#### Task brief:
Type out the complete listing below word for word, without its pictures.

#### Source material:
.....

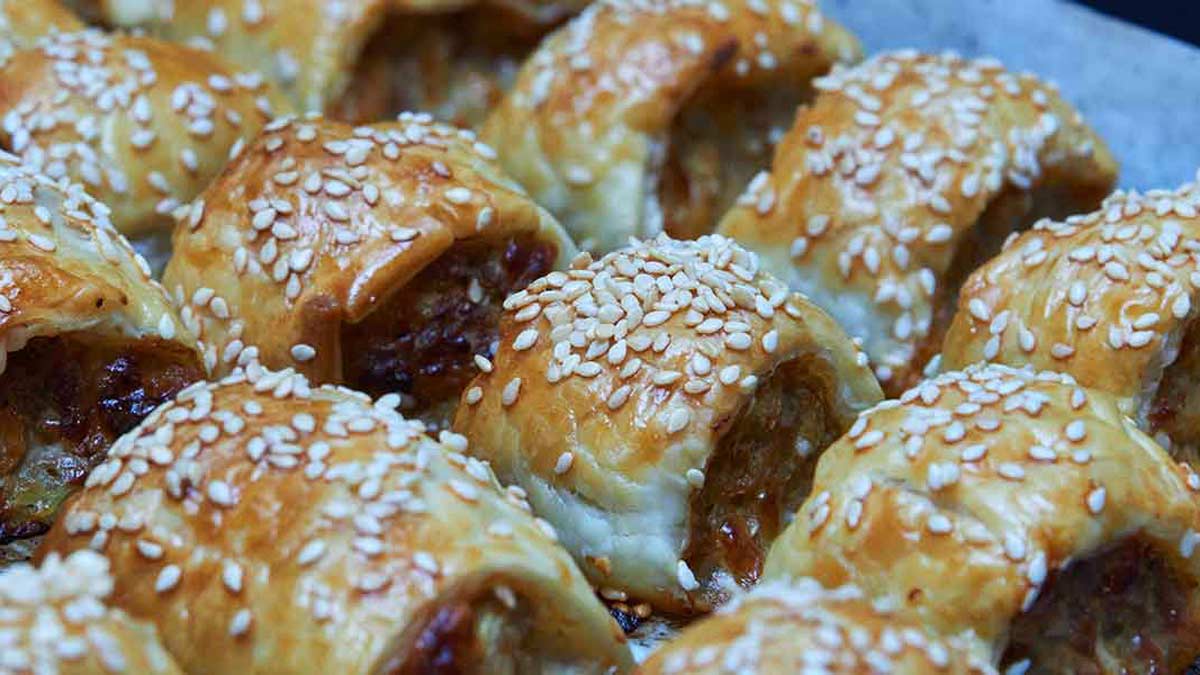 Cooked sausage rolls in three rows on a tray.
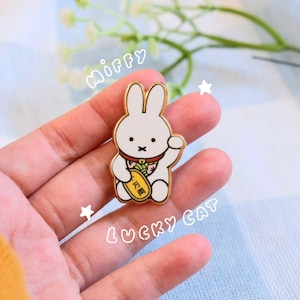 Op de afbeelding: Een wit konijn met een rode halsband en een geel bord met de tekst "招財" houdt een gouden munt vast. Het konijn is een gelukkatten-hanger en maakt deel uit van een Miffy-collectie.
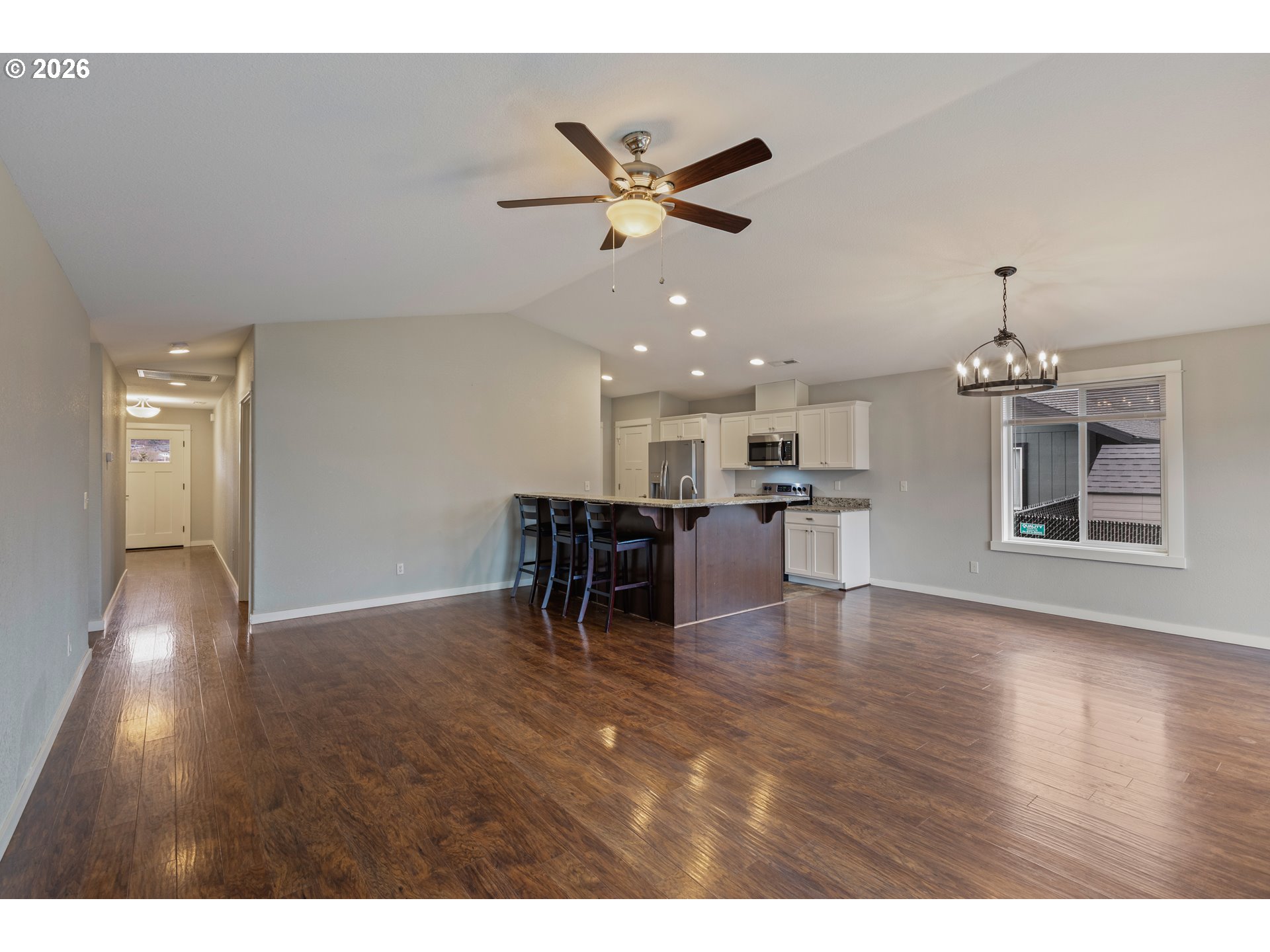409 South State Street Sutherlin, OR 97479 - Photo 6 of 47 a view of a livingroom with a kitchen and furniture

.....

#### Output below:
 Cooked sausage rolls in three rows on a tray.
 Op de afbeelding: Een wit konijn met een rode halsband en een geel bord met de tekst "招財" houdt een gouden munt vast. Het konijn is een gelukkatten-hanger en maakt deel uit van een Miffy-collectie.
409 South State Street Sutherlin, OR 97479 - Photo 6 of 47 a view of a livingroom with a kitchen and furniture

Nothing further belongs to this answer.